There comes a point in midlife when time suddenly feels different.
You notice your parents moving a little slower. You hear fatigue in their voice that wasn’t there before. You become aware that the people who once felt permanent are, in fact, ageing — and that the conversations you always assumed could happen “one day” may not always be available to you.
In a deeply moving conversation on The Midlife Mentors podcast, James and Claire sat down with Neil Taylor, founder of Me and My Old Man, a project dedicated to helping adult children capture the stories, wisdom and memories of their parents before it’s too late.
What unfolded was far more than a discussion about memory and legacy. It became a conversation about identity, healing, grief, compassion, and what it really means to understand where we come from.
The Midlife Realisation: Our Parents Won’t Always Be Here
For many people, midlife brings a difficult emotional shift.
We find ourselves caught between raising children, managing careers, paying mortgages, navigating relationships, and trying to hold ourselves together — while simultaneously becoming increasingly aware of our parents’ mortality.
Neil describes this stage as “the sandwich generation.”
You are caring downward and upward at the same time.
And in the noise of everyday life, meaningful conversations with parents often get pushed to the side. Work deadlines feel more urgent. School runs feel more immediate. The emotional weight of confronting ageing and loss can feel too uncomfortable to sit with.
But eventually, reality catches up.
Neil’s own project was born after losing his father to dementia in 2021 — just six days before the birth of his son.
Suddenly, he realised something devastating: his son and father would never truly know one another. The stories, personality, humour and essence of his dad now depended entirely on memory.
And memory fades.
What he longed for most was not another photograph or document — but his father’s voice.
The little chuckle before a punchline. The way he told stories. The personality hidden inside ordinary moments.
That loss became the catalyst for something extraordinary.
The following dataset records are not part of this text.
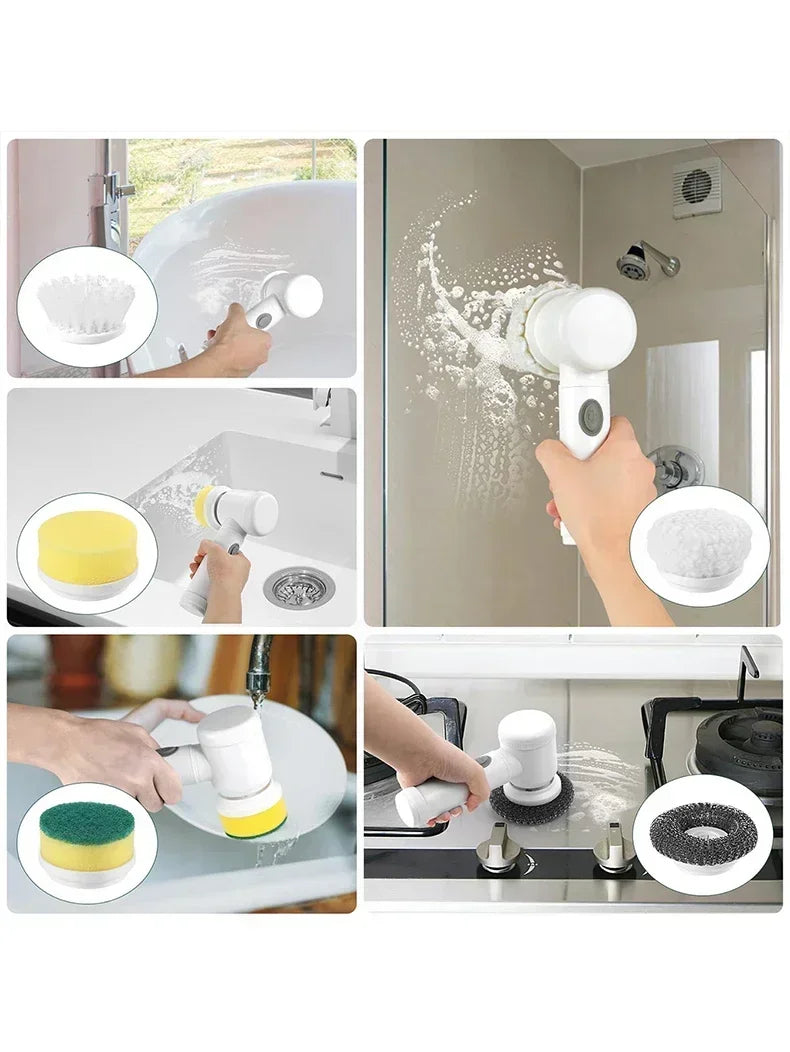 Brosse Électrique Sans Fil – Recharge USB & 5 Têtes Incluses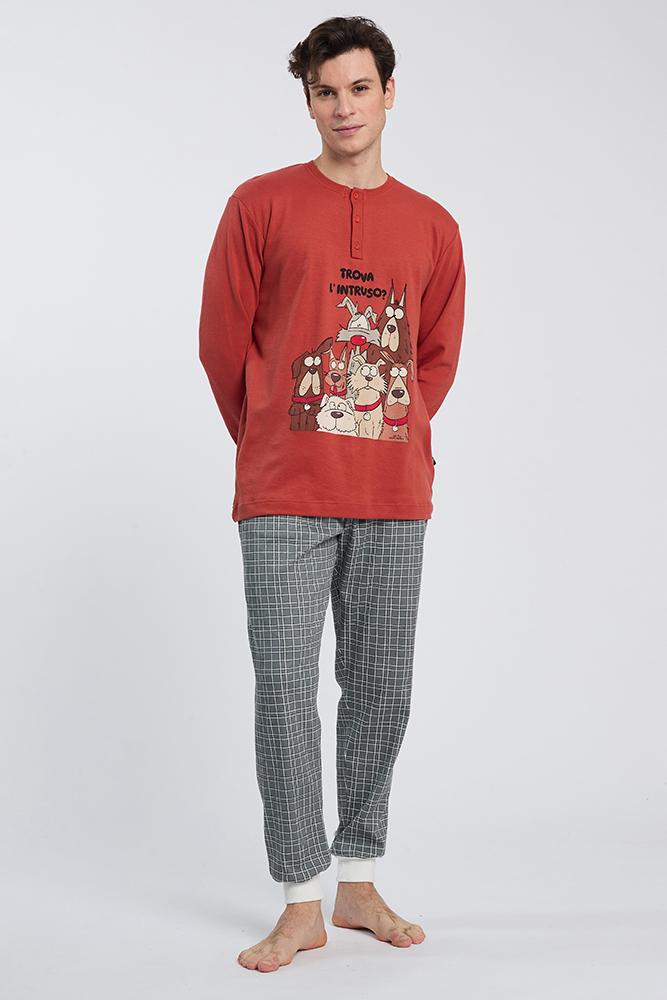 Pigiama Uomo Normann Manica Lunga Con Polsini - Jersey Di Cotone 100% Rosso, Taglia 54, Certificato Oeko-Tex, Da Casa O Da Notte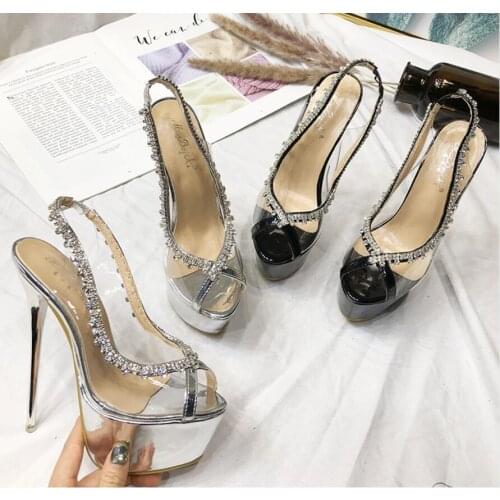 Fashion woman summer PVC rhinestones tassel high platform sandal woman peep toe PVC crystal high platform sandal silver black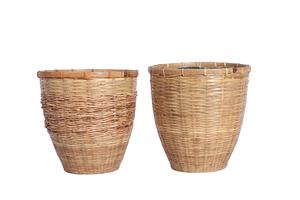 Eco-Friendly Vietnam Bamboo Tapered <b>Flower</b> Pots Planters Unique Indoor Home Decoration Christmas Handmade Embossing Printing - Product Image 3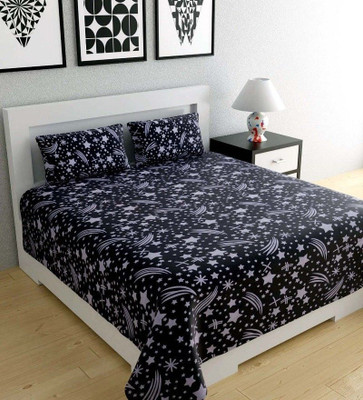 Aciloc Polycotton Double Flat 180 TC Printed Bedsheet(Pack of 1, Multicolor)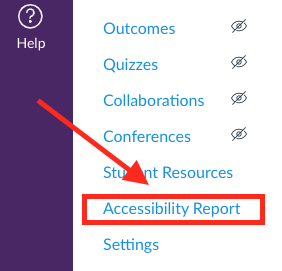 the accessibility report link above course settings in a Canvas course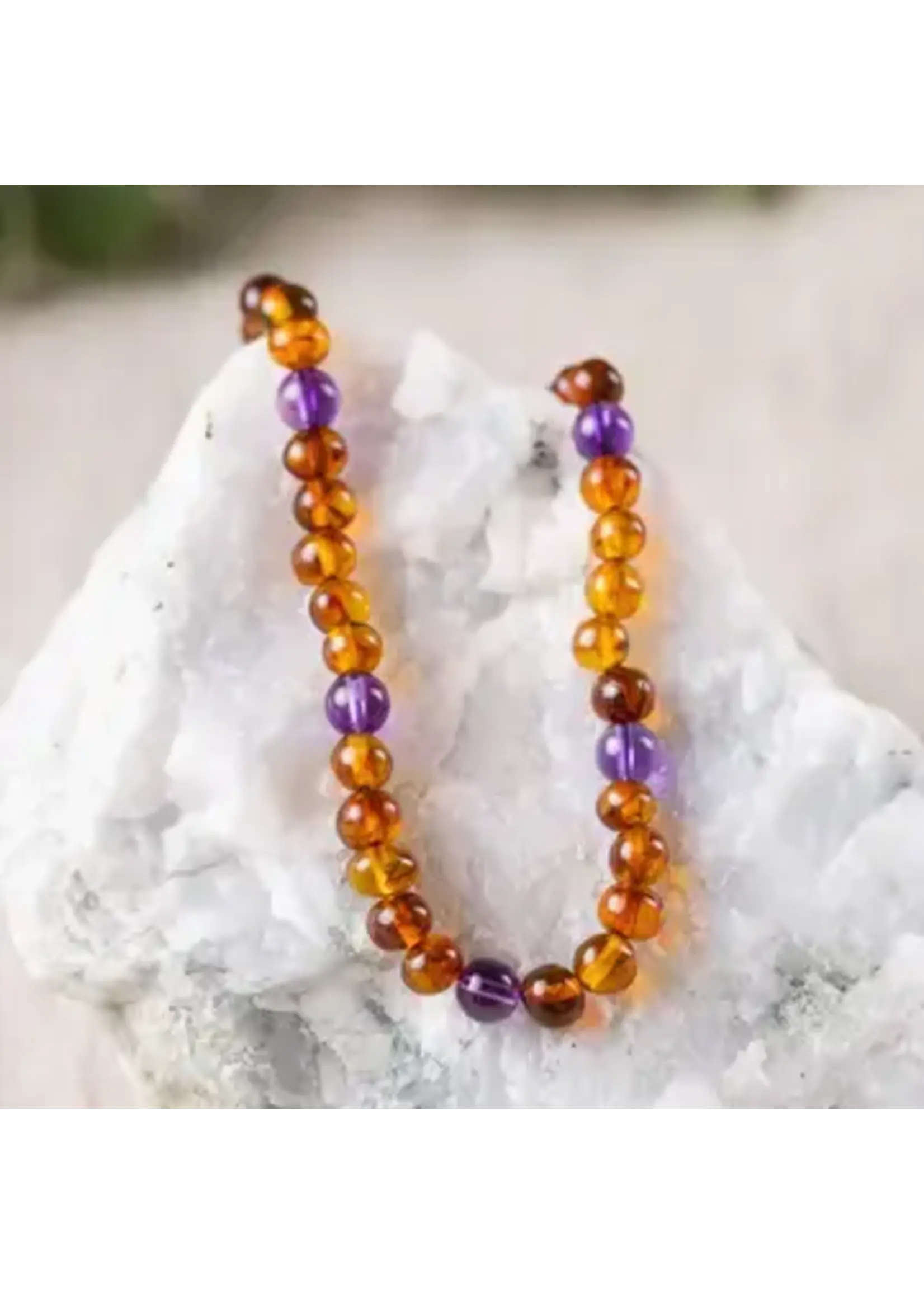 Necklace Amethyst & Cognac Amber 21"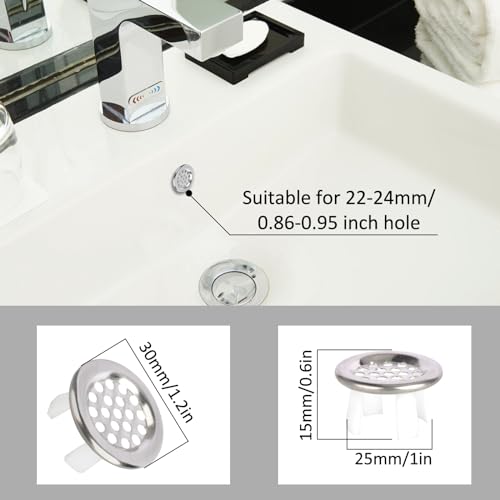 6 Pack Sink Overflow Ring Bathroom Sink Overflow Trim Ring Stainless Steel Mesh Round Hole Cover for Bathroom Kitchen Sink Basin Trim Overflow Cover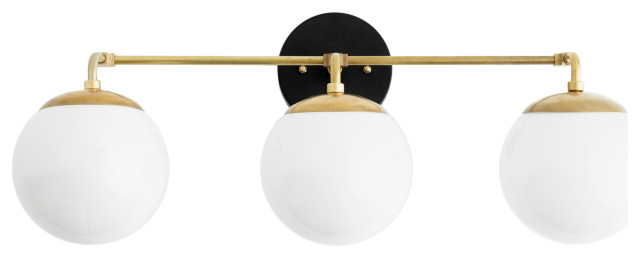 Modern Three Globe Vanity Light Fixture, Black/Brass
We Know Our Parents… But Not Really
One of the most powerful ideas explored in the discussion was this:
Most of us know our parents only through the lens of being their child.
We know “Mum.” We know “Dad.”
But we rarely know the full human being who existed before us.
We often know very little about:
- Their fears
- Their heartbreaks
- Their dreams
- Their struggles in their 20s and 40s
- Their identity before parenthood
- The experiences that shaped their personality
- The wounds they carried
- The decisions that changed the trajectory of their lives
As James reflected during the conversation, most of us have almost no concept of who our parents were before we arrived.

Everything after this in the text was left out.